The back sheet 38 may suitably be provided with a structure for facilitating the controlled rupture thereof. In the embodiment illustrated in FIGS. 1 through 3C, that structure is embodied in the ripcords 16 and 18. It is anticipated that the ripcords 16 and 18 may be attached to the outer surface of the back sheet 38 with an adhesive whose strength of adhesion between the ripcords 16 and 18 and to the back sheet 38 is greater than the shear strength of the back sheet 38. Thus when one of the ripcords 16 or 18 are pulled away from the back sheet 38, a portion 46 of the back sheet 38 will tear away from the rest of the back sheet 38, remaining adhered to the ripcord 16 or 18 which was pulled. In the illustrated embodiment, only one end of each of the ripcords 16 and 18 is adhered to the back sheet 38. The rest of each of the ripcords 16 and 18 is unattached, and forms an elongated free end to facilitate extending the free end to a location which will be accessible after the insulation assembly 10 is installed, as shown in FIGS. 2 and 3A. Preferably the free end of each of the ripcords 16 and 18 is marked by a high-visibility tag 47 to facilitate locating the free ends of the ripcords 16 and 18.
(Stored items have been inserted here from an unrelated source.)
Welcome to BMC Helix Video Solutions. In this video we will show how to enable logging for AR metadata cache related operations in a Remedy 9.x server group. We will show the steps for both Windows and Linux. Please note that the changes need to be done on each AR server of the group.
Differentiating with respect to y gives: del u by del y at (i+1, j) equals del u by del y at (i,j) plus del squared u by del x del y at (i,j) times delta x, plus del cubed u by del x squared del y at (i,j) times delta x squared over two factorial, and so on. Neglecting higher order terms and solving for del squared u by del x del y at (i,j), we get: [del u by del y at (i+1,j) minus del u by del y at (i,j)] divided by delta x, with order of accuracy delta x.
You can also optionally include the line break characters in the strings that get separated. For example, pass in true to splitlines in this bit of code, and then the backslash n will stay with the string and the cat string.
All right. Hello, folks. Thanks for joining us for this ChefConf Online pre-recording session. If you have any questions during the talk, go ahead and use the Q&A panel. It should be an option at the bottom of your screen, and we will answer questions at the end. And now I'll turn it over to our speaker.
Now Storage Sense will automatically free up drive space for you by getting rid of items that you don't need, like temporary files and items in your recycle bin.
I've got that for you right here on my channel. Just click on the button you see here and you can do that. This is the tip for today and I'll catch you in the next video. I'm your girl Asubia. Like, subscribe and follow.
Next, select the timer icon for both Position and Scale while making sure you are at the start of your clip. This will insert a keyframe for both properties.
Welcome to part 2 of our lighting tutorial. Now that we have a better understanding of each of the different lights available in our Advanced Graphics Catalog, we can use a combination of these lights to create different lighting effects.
The vapor barrier 24 and the back sheet 38 are hermetically sealed together along a seal area 48, shown as a cross-hatched region in FIG. 2. The seal formed at the seal area 48 joins respective inboard portions of the vertically extending flaps 26 and 28 of the vapor barrier 24 to the adjacent portions of the vertically extending flaps 40 and 42 of the back sheet 38. Similarly, the seal formed at the seal area 48 joins respective inboard portions of the horizontally extending flaps 30 and 32 of the vapor barrier 24 to the adjacent portions of the horizontally extending flaps 44 and 45 of the back sheet 38. Thus a second purpose of the flaps 26, 28, 30, and 32 of the vapor barrier 24, in addition to acting as nailing strips as described above, is to cooperate with the flaps 40, 42, 44, and 45 of the back sheet 38 to provide the seal area 48 for hermetically sealing the envelope 12 about the batt 14.
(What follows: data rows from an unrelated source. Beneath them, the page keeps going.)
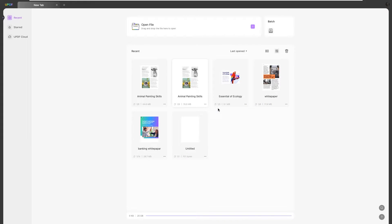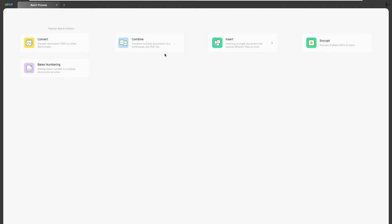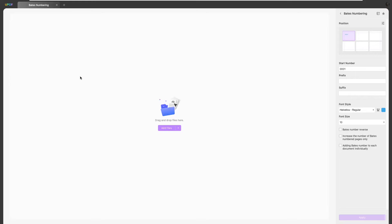First, launch UPDF on your Mac. Now click the Batch option. Choose the Bates numbering option. Tap Add File to import the PDF files.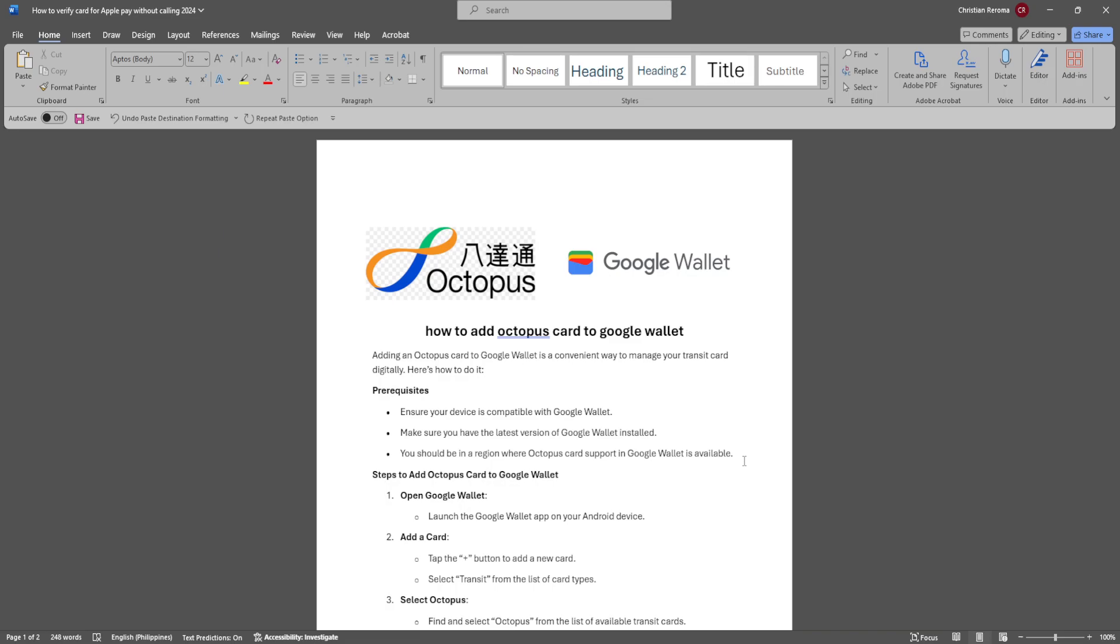Adding an Octopus Card to Google Wallet is a convenient way to manage your transit card digitally. Here's how you do it.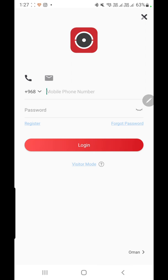Once you download it, just install it and then you have to register your account. To register your account, once you open the application it will ask you to log in. But if you do not have an account, you have to register.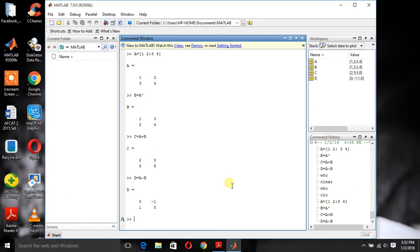Now first is who command. When you type who in command window it will display all the variables you have used.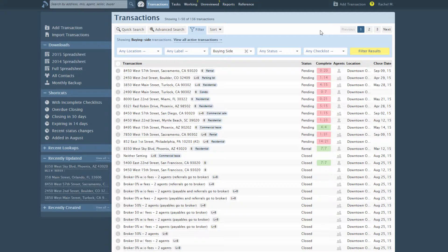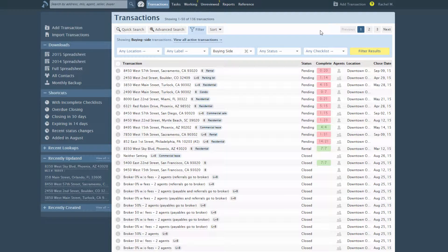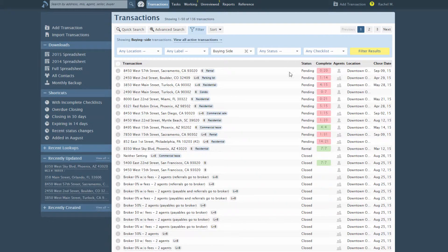Admins can also use sides when setting up the system to auto-assign checklists. Checklists can be auto-assigned based on the transaction's side, label, or status. Here's how.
As will be appreciated, due in part to the variety of materials which may be used to form the vapor barrier 24 and the back sheet 38, a variety of suitable conventional methods are contemplated for sealing the vapor barrier 24 to the back sheet 38. Among the methods which are contemplated are heat sealing of plastic films using heated wires, rollers, or other structures, ultrasonic welding, or the use of suitable adhesives, of which one may be hot melt glue.
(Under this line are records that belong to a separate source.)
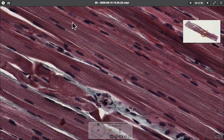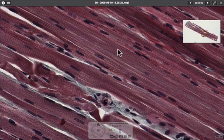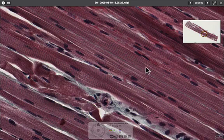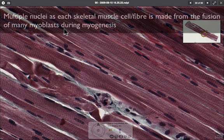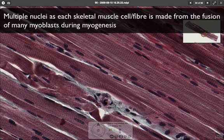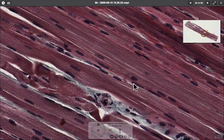Each fiber is represented by this long cell — this is one side of the cell, this is the other. One thing we notice is that the nuclei are peripheral to the cell. There are multiple nuclei in a skeletal muscle cell, located at points all along the muscle fiber, not right within the center.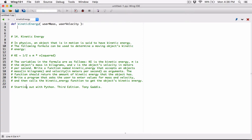So the kinetic energy — let's work with the formula. To define the kinetic energy, it's half, so 1 divided by 2. I want that to evaluate first, so I'm going to surround them with parentheses. Half multiplied by m, which is the userMass — m stands for the mass. And then we are multiplying by v squared.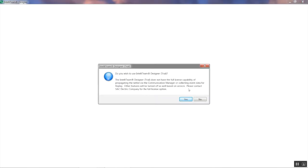Next, a screen will appear asking if you'd like to use Designer in trial mode. In trial mode, you'll be able to design an IntelliTeam circuit and set parameters, but you won't be allowed to push the settings to field devices or collect instant replay files after a restoration event. Click Yes to continue.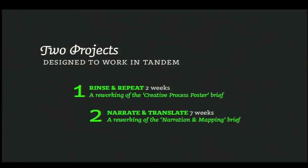The two projects were designed to work in tandem. The first was a two-week exercise called Rinse and Repeat — a reworking of an existing brief called the creative process poster. But when I googled 'creative process,' I got hundreds of thousands of examples in flowcharts, tree diagrams, and I thought that's just going to end up in more of the same. So in order to get them to think actually creatively and really push them, I wanted to throw them in at the deep end.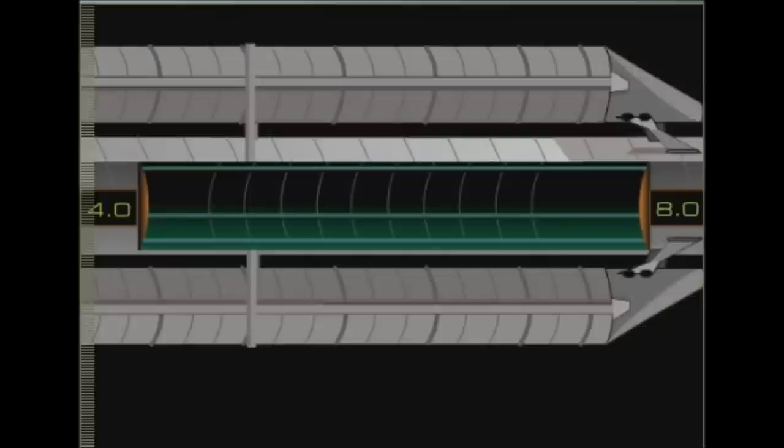Die obere Uhr geht schneller. Während unten eine Sekunde zwischen den beiden Bällen verstreicht, vergehen oben zwei Sekunden. In einer beschleunigten Rakete geht die obere – oder besser die vordere – Uhr schneller als die untere bzw. hintere Uhr. Das gilt nicht nur für die Uhren, mit denen hier experimentiert wird. Das gilt für die Zeit allgemein.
As may best be seen in FIG. 2, the nails 33 used to fasten the insulation assembly 10 to the studs 34, header 36 and footer of the wall in which the insulation assembly 10 is installed pass through the various vertically and horizontally extending flaps of the vapor barrier 24 and the back sheet 38 in a nail strip region 50 between the seal area 48 and the edge of the respective flaps so as not to puncture the hermetically sealed portion of the envelope 12 containing the batt 14. Suitably, the nail strip region 50 may be marked on the vapor barrier 24 to provide guidance to the installer of the insulation assembly 10, such as by coloring the nail strip region a contrasting color to the rest of the vapor barrier.

The insulation assembly 10 will preferably include a means for restricting movement between the batt 14 and the envelope 12. The means for restricting movement, or wall grip surface, retards relative movement between the mineral fiber batt and the envelope 12. This is particularly useful for preventing slumping of the batt 14 when the insulation assembly 10 is placed in a vertical position such as between the wall studs 34. Means for restricting movement may include adhesives, mechanical supports or fasteners, or the configuration or composition of the envelope 12. Where the envelope 12 is formed as a plastic or metallic film, the film may be formed as a coextruded two layer film, with an outer layer having good hermetic sealing properties and puncture resistance, and a tacky plastic inner layer which acts as a wall grip surface which contacts the batt 14 and resists relative movement therewith. The envelope 12 may also be formed with a suitably rough inner wall grip surface that resists relative movement of the batt 14 in contact therewith.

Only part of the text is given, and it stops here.